Able to modify final value in Kotlin

Question

open class OpenBase(open val value: Int)

interface AnotherExample {
    val anotherValue: OpenBase
}

open class OpenChild(value: Int) : OpenBase(value), AnotherExample {
    override var value: Int = 1000
        get() = field - 7
    override val anotherValue: OpenBase = OpenBase(value)
}

open class AnotherChild(value: Int) : OpenChild(value) {
    final override var value: Int = value
        get() = field
        set(value) { field = value * 2 }
    final override val anotherValue: OpenChild = OpenChild(value)
}

fun main() {
    val openChild = OpenChild(42)
    println("OpenChild value: ${openChild.value}")
    println("OpenChild anotherValue: ${openChild.anotherValue.value}")
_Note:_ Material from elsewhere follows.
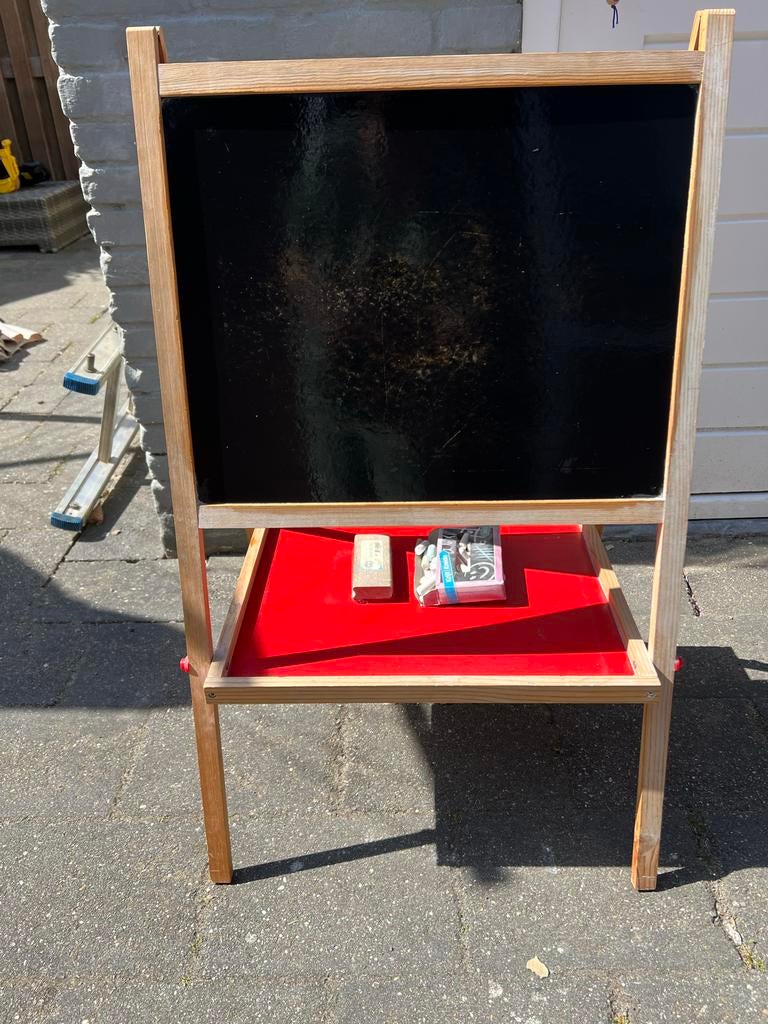 Krijtbord en magneetbord ikea, Ophalen, Gebruikt, Krijtbord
    val anotherChild = AnotherChild(42)
    println("AnotherChild value: ${anotherChild.value}")
    println("AnotherChild anotherValue: ${anotherChild.anotherValue.value}")
    
    anotherChild.value=69 //HERE
    println("AnotherChild value: ${anotherChild.value}")
    println("AnotherChild anotherValue: ${anotherChild.anotherValue.value}")
}

I was learning kotlin OOPS and was playing with an example; I was expecting an error but got no error. Why am I able to modify the value mentioned final?

Answer 1

The final in final override var value only means that the property can't be overridden in other subclasses. If want value to be read only in AnotherChild, you must declare it as val instead of var. Or, if you do need a private setter, declare it as var but add private to set.

In the context of class members, val simply means "property with a getter", and var means "property with a getter and a setter. The latter is a valid override for the former, which is what you are doing in AnotherChild`.